I'm a bit confused with the first steps in this problem:
$F(x)=x^4$ for $0<x<1$
a) Find $E[(1/X)-1]$
b) Let $Y=(1/X)-1$. Find the support of $Y$, its pdf and CDF. Name its distribution and its parameters.
c) Compute $E(Y)$ and compare it to the result in part a.
d) Compute the variance of $Y$ (or use know formulae).
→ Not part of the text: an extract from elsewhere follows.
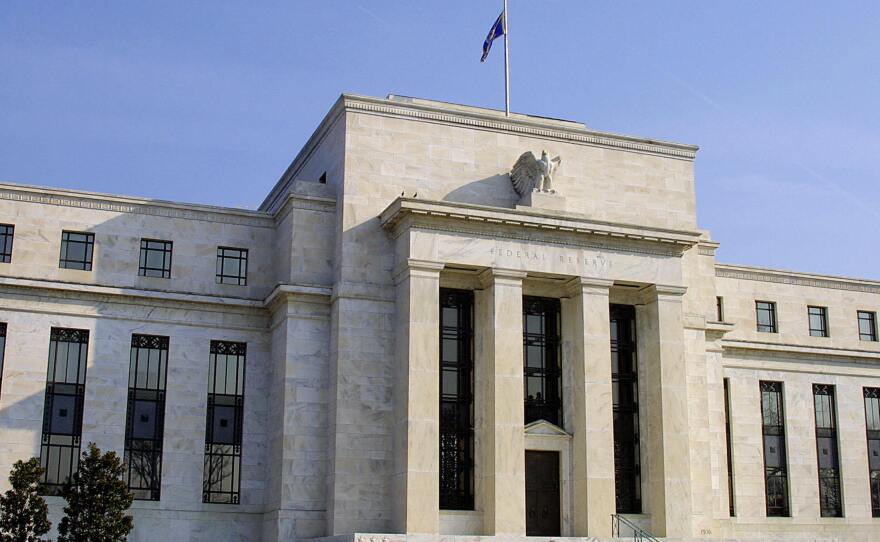 The Federal Reserve building in Washington D.C.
So I can tell that the CDF given is a Beta correct? With a pdf of $f(x)=4x^3$. Now to find the expected value of a) is there some sort of transformation involved here? or do I just (integrate $x \cdot ((1/X)-1)$) but that is just an equation so I don't know here I'm lost. Just looking for guidance with this problem that would be really helpful.
Hint: Suppose that the random variable $X$ has density function $f_X(x)$. Let $Y=g(X)$. Then (for reasonable $g$) we have $$E(Y)=E(g(X))=\int_{-\infty}^\infty g(x)f_X(x)\,dx.$$
For the variance of $Y^2$, one way is to calculate $E(Y^2)$ in basically the same way as you computed $E(Y)$, and use the fact that $\text{Var}(Y)=E(Y^2)-(E(Y))^2$.
For the distribution of $Y$, the support of $X$ is $(0,1)$, so $\frac{1}{X}$ ranges over the interval $(1,\infty)$, and therefore $Y$ ranges over $(0,\infty)$.
To find the distribution of $Y$, you can use a transformation. Or else you can compute $\Pr(Y\le y)$ directly, since for positive $y$ we have $\frac{1}{X}-1\le y$ if and only if $X\ge \frac{1}{1+y}$.